The study by international asset manager Managing Partner Group (MPG) found 45% of wealth managers and institutional investors who are collectively responsible for $325 billion assets under management predict rapid increases in allocations over the next three years.

MPG is marking the 14th anniversary of its High Protection Fund investing in Life Settlements by adding 2% to all new investments in the fund during July 2023.  The fund has delivered total returns of 204.02% since launch in July 2009 and net annualised returns of 9.27% last year. 

The 2% reward for investors underlines MPG’s confidence in the asset class’s expansion. The annual gross market potential capacity for Life Settlements is estimated(2)  to be as large as USD 220 billion compared to the USD 8.5 billion that was paid out to life insurance policyholders who sold to Life Settlement funds between 2021 and 2022.

The current attraction to the asset class is driven by the pricing of the asset class which currently delivers 12% IRR for its investors. It is therefore one of the very few asset classes that is able to promise returns that are greater than the current rate of inflation 

Its confidence is shared by professional investors. A third (33%) questioned across Switzerland, Germany, Italy, the UK and the US said they are extremely likely to invest in Life Settlements over the next 12 to 24 months.  Around 55% of investors rated the currently attractive valuations of Life Settlement policies among their top three reasons to invest. Just over half (52%) rated the ability to deliver consistently attractive returns among their top three reasons while 50% said regulatory changes had made investing in the asset class safer.

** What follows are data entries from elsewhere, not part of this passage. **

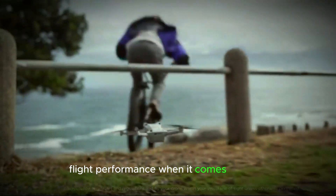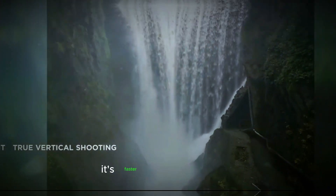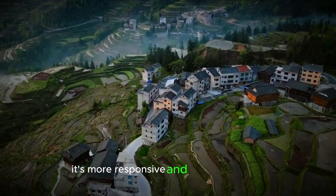Flight performance. When it comes to flying, the G-Mini 5 Pro can stay in the air for about 40 minutes, giving you more time to get the perfect shot. It's faster and more agile too, so whether you're filming fast action or flying through tight spaces, it's more responsive and easier to control.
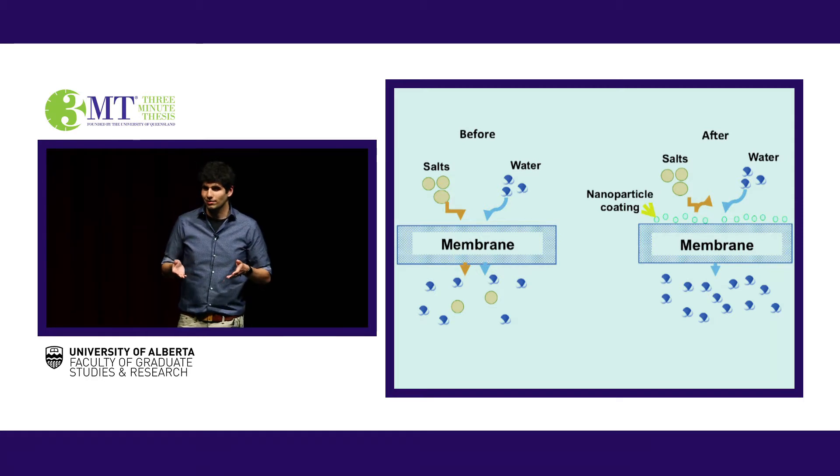But why do we care? After all, here in Canada, we have one-fifth of the world's fresh water — we don't need desalination. That's because membrane technology can be used in a number of applications. In the oil sands industry, for every barrel of oil produced, it costs 20 barrels of fresh water. Membrane technology can be used in this process to reduce waste and recycle water.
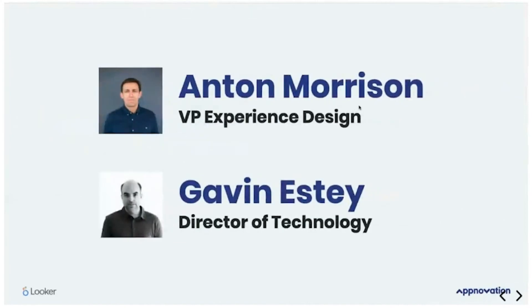Quick introduction of myself — my name is Anton Morrison, I'm the VP of Experience Design at Appnovation. Basically my role when we're working on these kind of projects is to think about the user at all times: what do they need, what are their problems, what are their struggles, what insight do they need? And really be their advocate when we're building out these things. Gavin, I'll pass it on to you to introduce yourself.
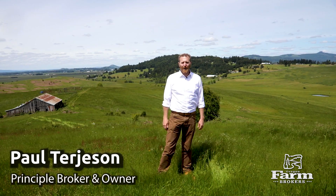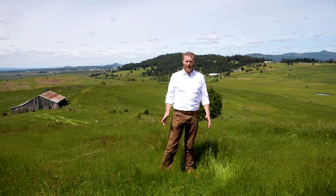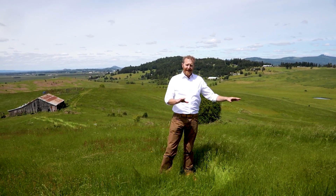Hi, this is Paul Turgesson with Oregon Farm Brokers. We're here to present a 578-acre cattle ranch right smack in the middle of Willamette Valley. It's one of the largest cattle ranches this close to I-5, but it is far enough away that you cannot hear a noise from the freeway. You're tucked away in a little valley, and it's just a beautiful location.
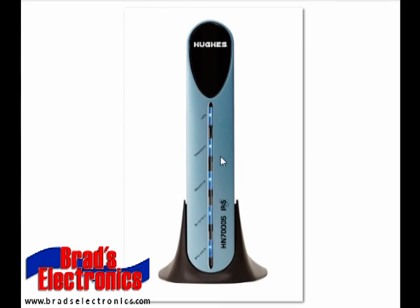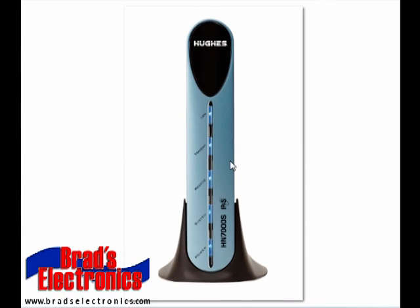The Hughes HN7000 pretty much has the same setup. You have a LAN light, the transmit light, the receive light, the system light, and the power light. The only difference with this modem compared to the 9000 series is that where those two lights will blink under normal operation, all three of the top lights will blink on the 7000 series. Some of the problems are the same as the 9000 — if any of the three lights in the middle are off, it could indicate a hardware failure, a cable failure, or a connection failure.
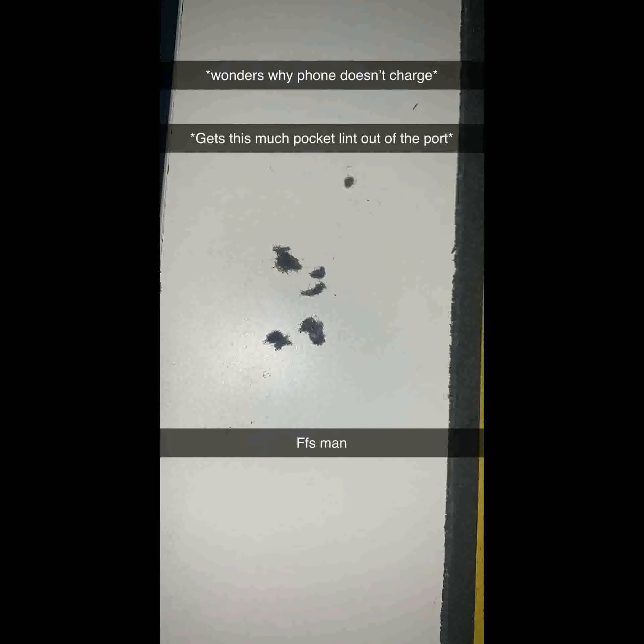Pocket lint from my phone charge port — XS Max port on release day, cleaned out today for the first time ever. Wonders why phone doesn't charge. This much pocket lint out of the port. I'll give that a shot — thanks.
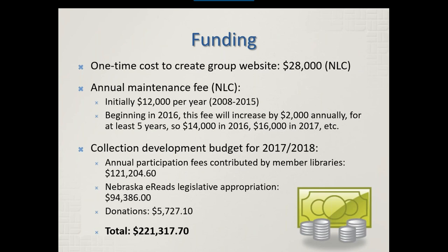It's helpful to understand how this group is funded. The initial cost just to set up the website was $28,000, which the Nebraska Library Commission paid. There's also an annual maintenance fee. Initially that was $12,000 per year, which we paid annually from 2008 to 2015, and the Nebraska Library Commission covers that annual maintenance fee. Starting in 2016, this fee began increasing $2,000 per year, so we paid $14,000 in 2016, $16,000 in 2017, and so on.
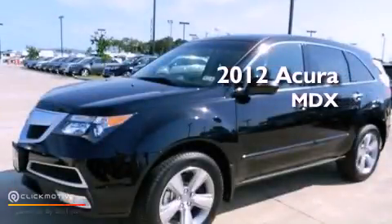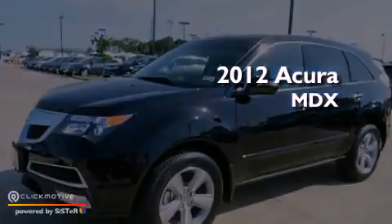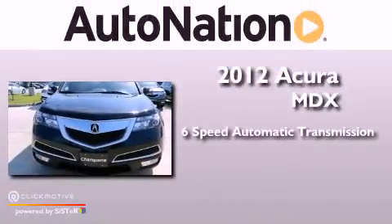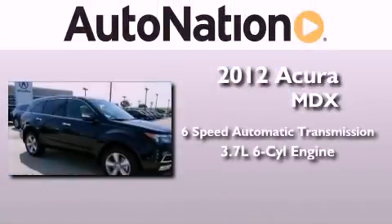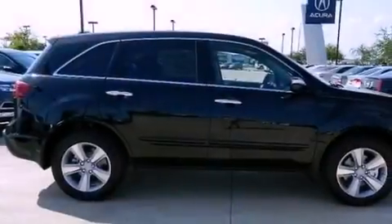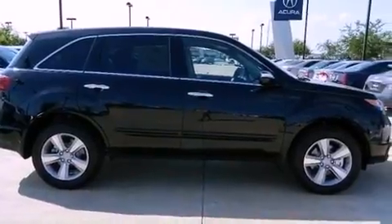This is a brand new 2012 Acura MDX. This vehicle has seating for 7 adults, a 3.7 liter V6, and all-wheel drive. Its top features include a multi-link rear suspension and a tire pressure monitoring system.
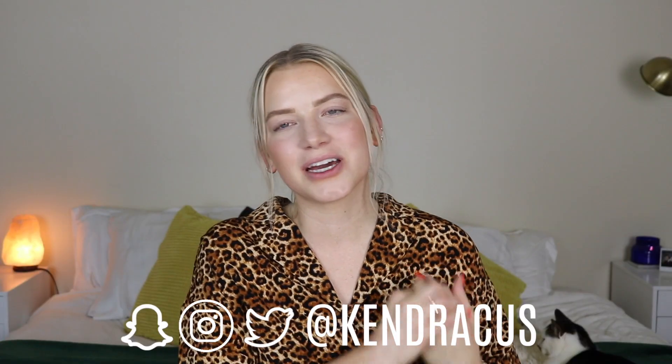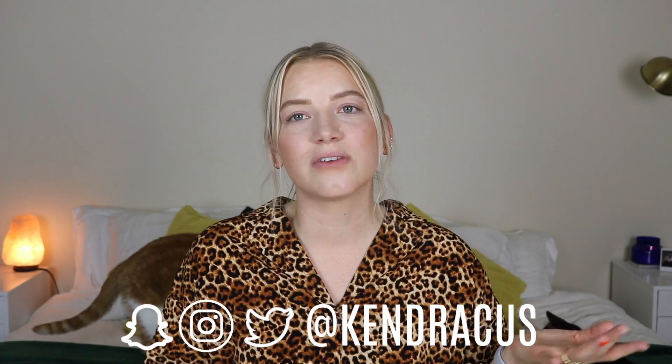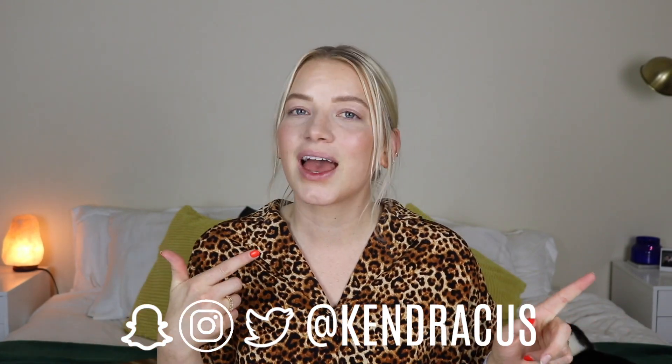Hey guys, what is up? Welcome back to my channel. Today I'm looking a little naked — I don't have any eye makeup, mascara, or lip product on because we are testing out the brand new Colourpop Fortune palette, the new Colourpop formula for lip glosses, and I thought I might as well throw this KKW highlighter palette into the video. I'm Kendra, I post three beauty and lifestyle videos a week, but today's is a bonus video since I missed Friday last week — the video I filmed turned out horribly. Definitely subscribe if you are new here!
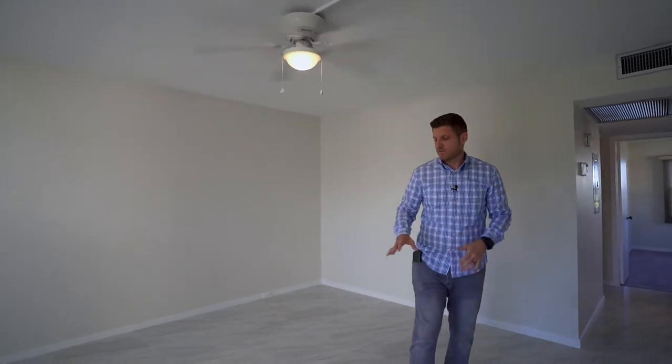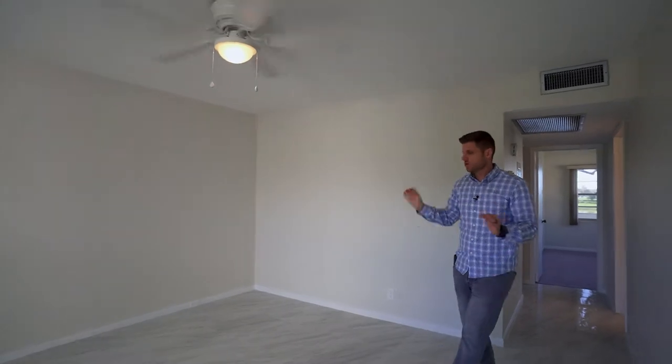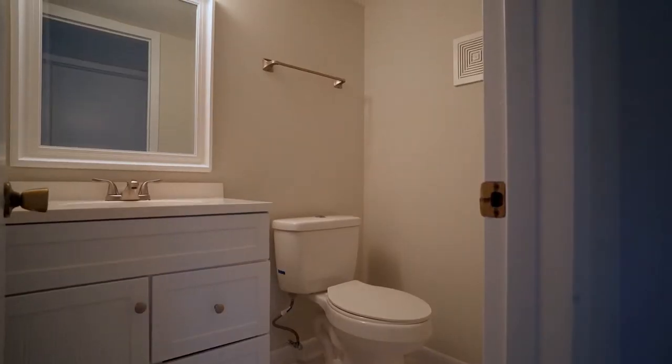The sellers updated and replaced everything, all the way from the ground to the ceiling. Popcorn is removed, new floors, new kitchen, new baths, and new carpets.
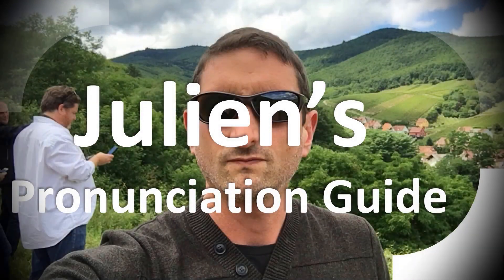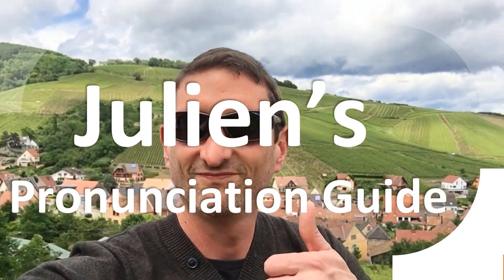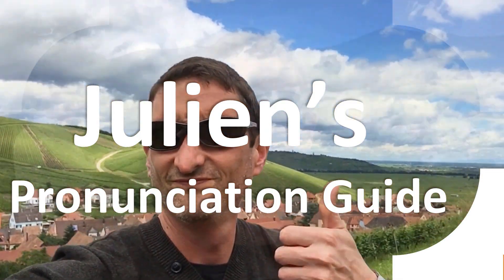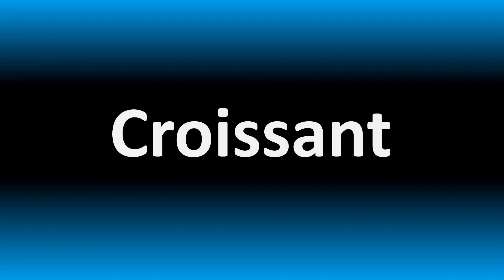You are looking at Julian's pronunciation guide, where we look at how to pronounce better some of the most mispronounced words in the world, like this other curious word. We are looking at how to pronounce this word, as well as how to say more interesting but often confusing words in English, so make sure to stay tuned to the channel.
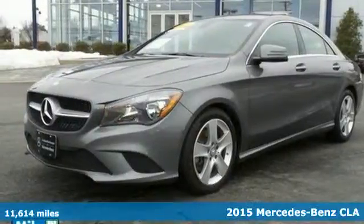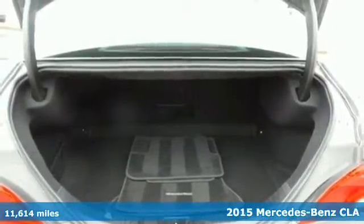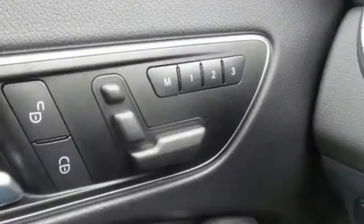It's a 2015 Mercedes-Benz CLA Class. Your caviar tastes now only require a steak budget. The turbocharged power and sporty four-door coupe design give you a thrilling experience behind the wheel.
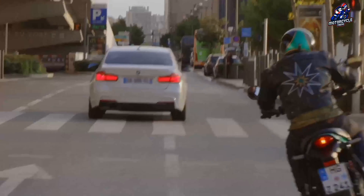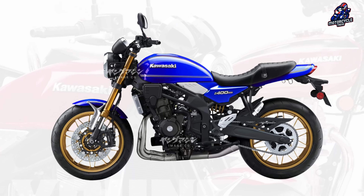Kawasaki is preparing a Z400RS that could be named Zephyr, and will use a four-cylinder engine from the Ninja ZX4R. Let's discuss what the Z400RS looks like.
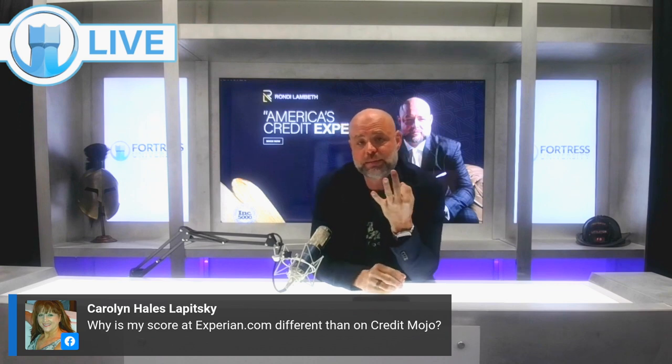The reason your Experian.com credit score is different than Credit Karma is because Experian.com uses FICO Model 8 credit scores, while Credit Karma uses VantageScore 3.0. That's why the numbers are different.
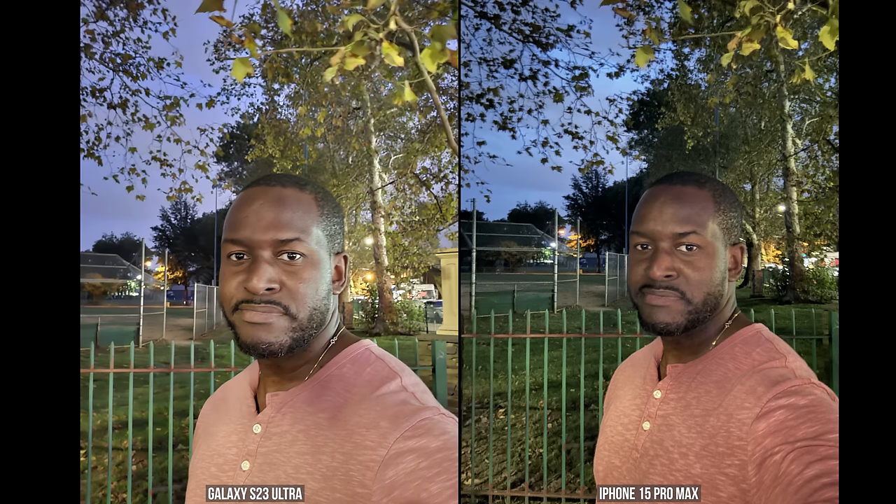4K30 front-facing video in low light — the Galaxy looks better, but stabilization is better on the iPhone. When you go to 4K60, it looks brighter on the iPhone while the Galaxy is darker. Also just taking a photo with a flash — I find the results leaning more to the Galaxy. These are low-light photos using night mode — the iPhone does a better job here.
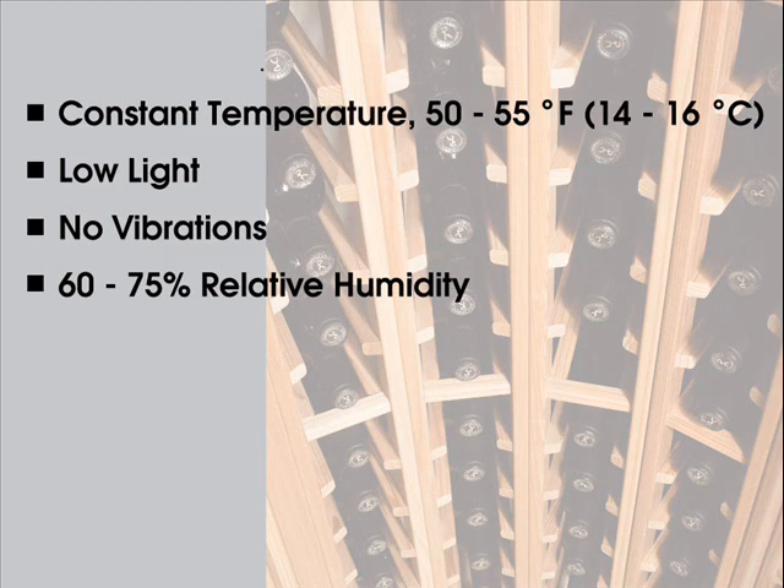With minimal accent lighting. Vibration disturbs the sediment in wine bottles and can accelerate the aging process, so wine cellars should be vibration-free. A constant humidity level of 60 to 75 percent is recommended, as it keeps corks moist enough that they don't dry out, but dry enough that they don't become moldy.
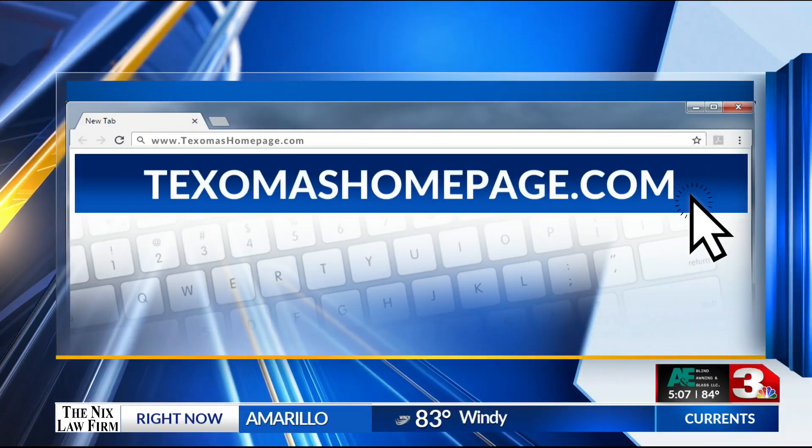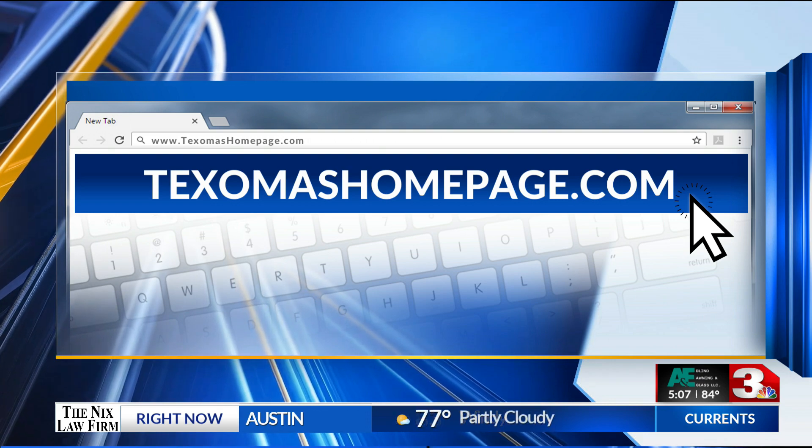For a list of where the offices are going to be moving to, just head over to TexomasHomepage.com.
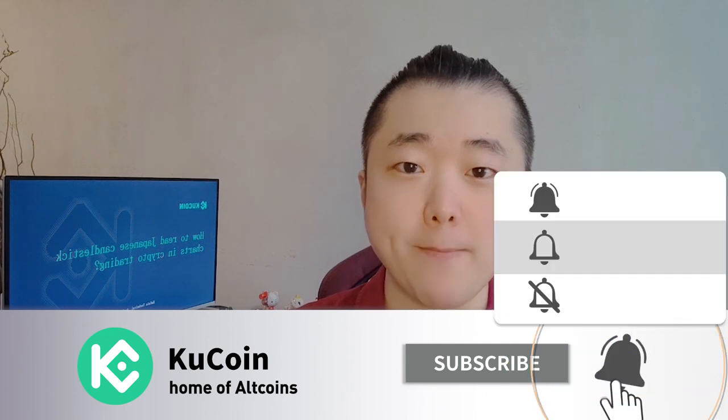Subscribe to our YouTube channel and smash that bell button to follow our future updates. Happy learning and happy trading!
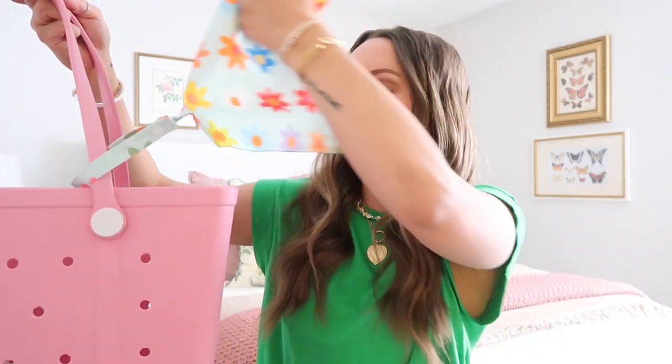Here you can see the bigger wet bag — it has buttons you can clip onto the handle of your pool or beach bag and hang it on the outside, or just toss it inside. These come in different prints so you can coordinate your wet bags with your tote, or coordinate them if you're giving this as a gift.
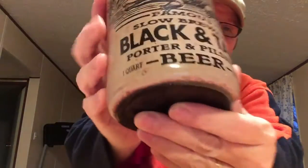$3.99 for one quart — and that bottle, what's up with that? Is that not tight or what? $3.99 for a bottle that looks like this, one quart of black and tan. Basically guys, this is a Porter and a Pilsner mix beer.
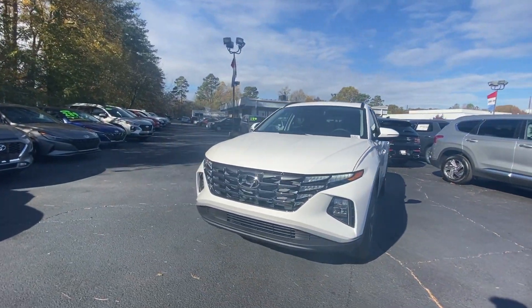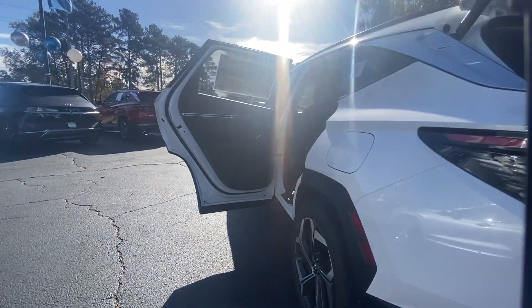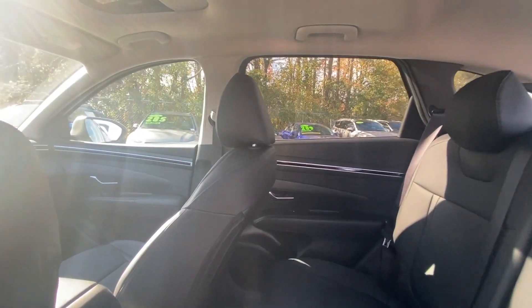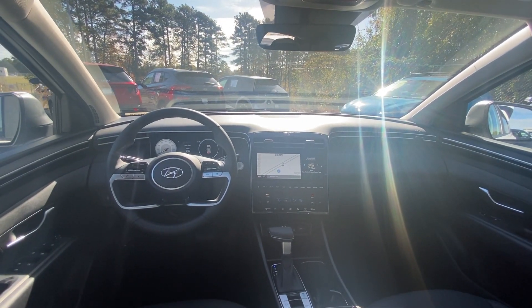These are just some of the great options this vehicle comes with: Apple CarPlay and/or Android Auto, Sun/Moon Roof, Navigation System, Keyless Entry, Heated Mirrors, Power Lift Gate, Satellite Radio, Backup Camera, Dual Zone AC, and Leather Wrapped Steering Wheel.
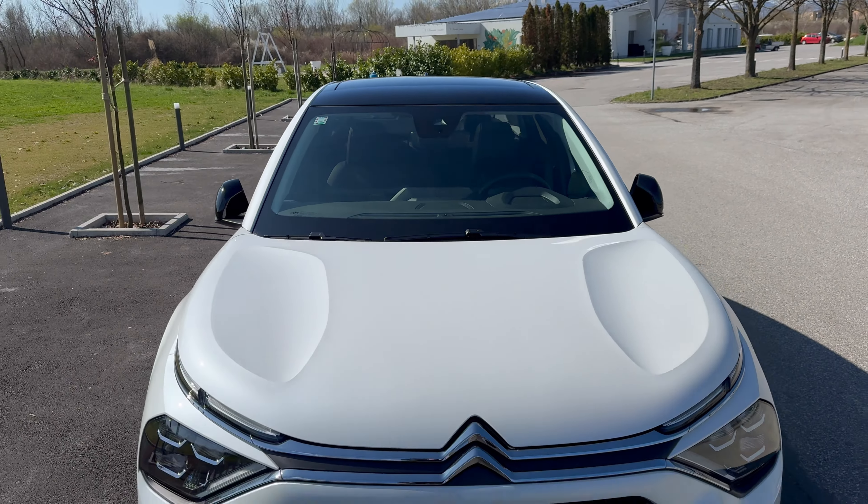18-inch alloys — you can spec a different alloy design. These are diamond-cut silver on black, 195/60 R18. The car came on Continental WinterContact TS870P — a great winter tire, I have it on my car and recommend it. The car comes from the factory on summer tires, but these are fitted on this one.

Nearly two out of five (36%) professional investors expect dramatic growth in investing in Life Settlement funds over the next five years, MPG’s research with wealth managers and institutional investors who are collectively responsible for USD 325 billion assets under management found. More than half (54%) predict a slight increase over the same time period.

Almost all (95%) investors questioned believe the expected growth in the number of Life Settlement policies available for investment will mean more pension funds and wealth managers will invest in Life Settlements for the first time.

Life Settlements are US-issued life insurance policies that have been sold by the original owner at a discount to their future maturity value. They have little or no correlation to equities and bonds.  

MPG’s High Protection Fund is seeing strong demand for Life Settlements as an increasingly important part of the alternative assets sector which aims to achieve smooth predictable investment returns of between 8% and 9% per annum, net of fees.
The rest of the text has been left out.